The title itself suggested both movement and transmission: letters travel across generations, geographies, and intellectual lineages. By foregrounding the written word, the exhibition highlighted Shkodër’s historic role as a locus of literary cultivation, theological study, and mystical reflection. The displayed artifacts spanned multiple centuries, offering a layered view of the region’s scholarly continuity. Among the most significant works were medieval Qurʾānic manuscripts, whose artistic features and material composition testify to the presence of refined scribal cultures embedded within the city’s religious institutions.
These materials challenge reductive narratives that marginalize Islamic intellectual life in the Balkans. Instead, they reveal a sustained engagement with Qurʾānic exegesis, devotional practice, and manuscript production that situated Shkodër within broader Ottoman and transregional networks of learning. The exhibition emphasized that Islamic scholarship in Albania was not peripheral but structurally integrated into the intellectual currents of its time.

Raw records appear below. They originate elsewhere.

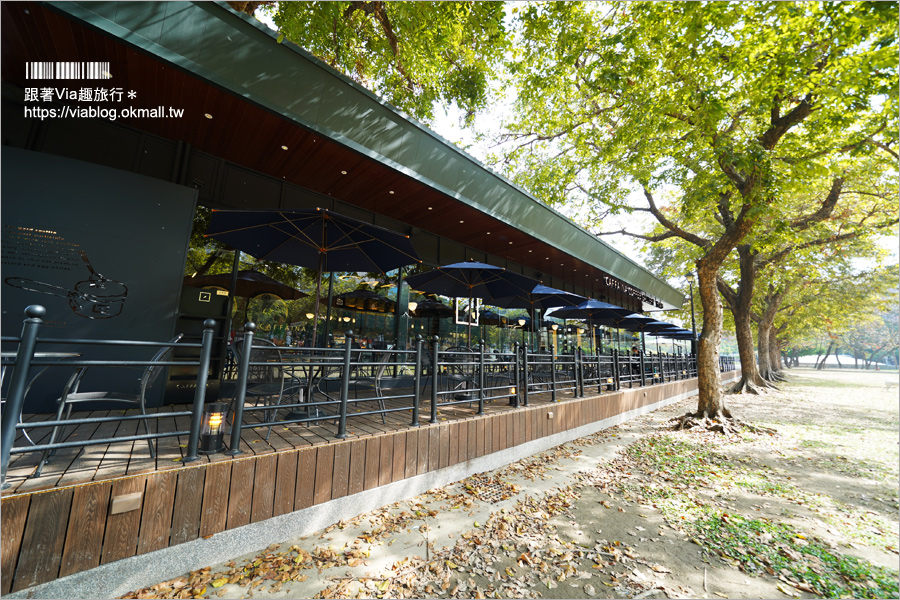 高雄咖啡館》卡啡那文化探索館‧文化中心～全台最美公園咖啡館！草莓季甜點報到～夢幻草莓舒芙蕾必吃！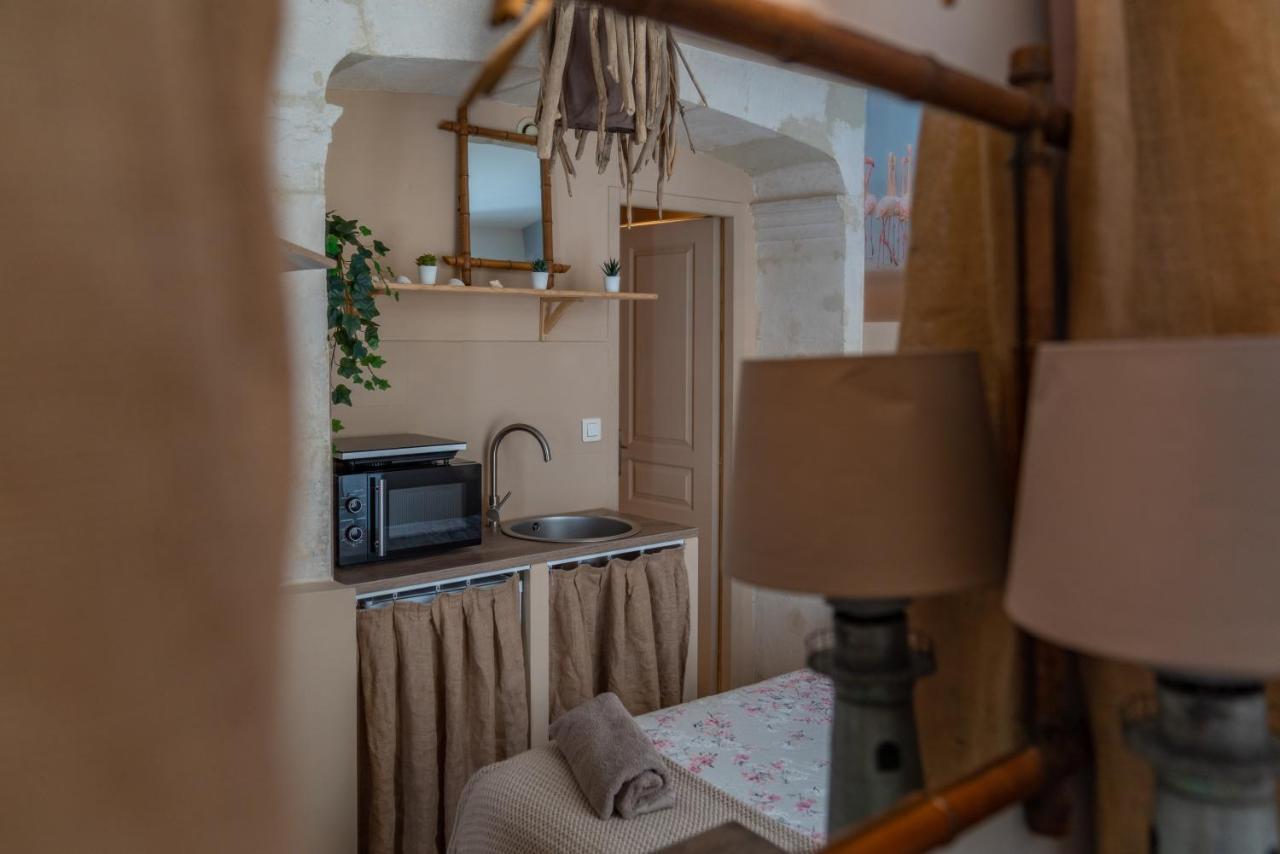 La Cabane Camarguaise En Centre Ville - Une Nuit A Nîmes Exterior foto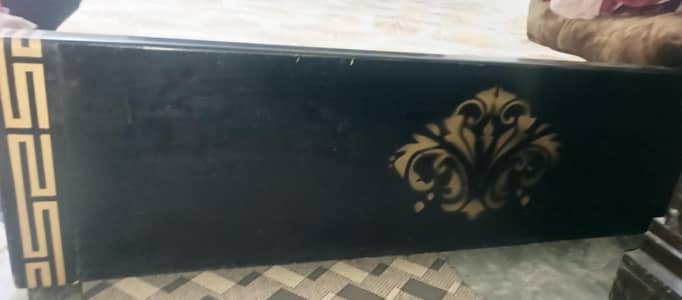 bed set with side tables & dressing table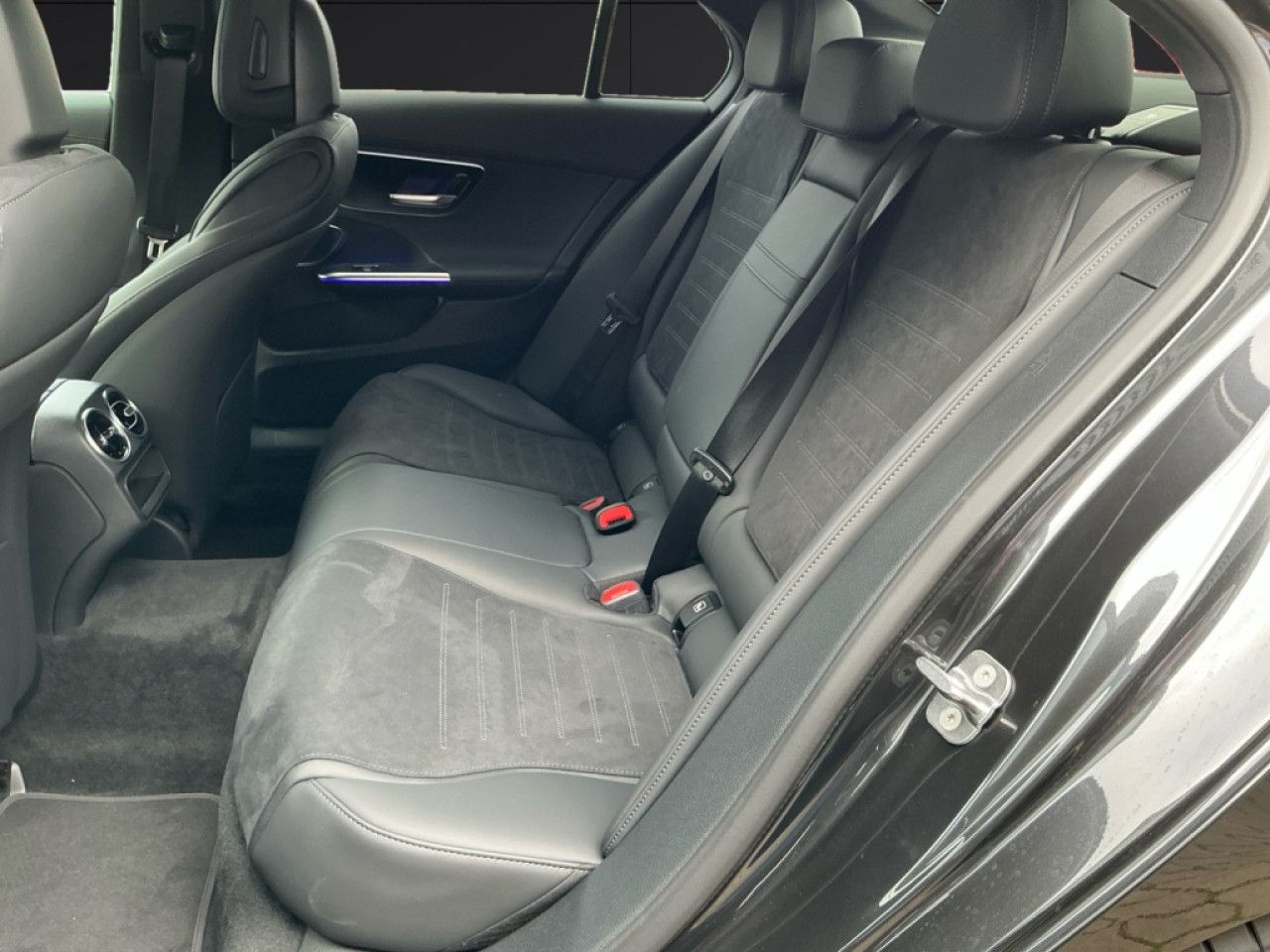 Mercedes-Benz C-Klasse – Bild 13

Importantly, the works presented form part of the broader and growing collection envisioned for the future Museum of Islamic Art, a flagship initiative of the Konak Institute. Their inclusion in the Shkodër exhibition marked both a homecoming and a curatorial statement: that local heritage must be preserved, studied, and reintroduced into public consciousness through rigorous institutional stewardship.
By situating these artifacts within a contemporary gallery setting, Udhët e Shkronjave transformed manuscripts from archival remnants into active interlocutors in present day cultural discourse. The exhibition offered visitors not only aesthetic appreciation, but also a reorientation toward Shkodër’s intellectual and spiritual legacy, reaffirming the city’s historical stature as a center of learning whose letters continue to trace living paths across time.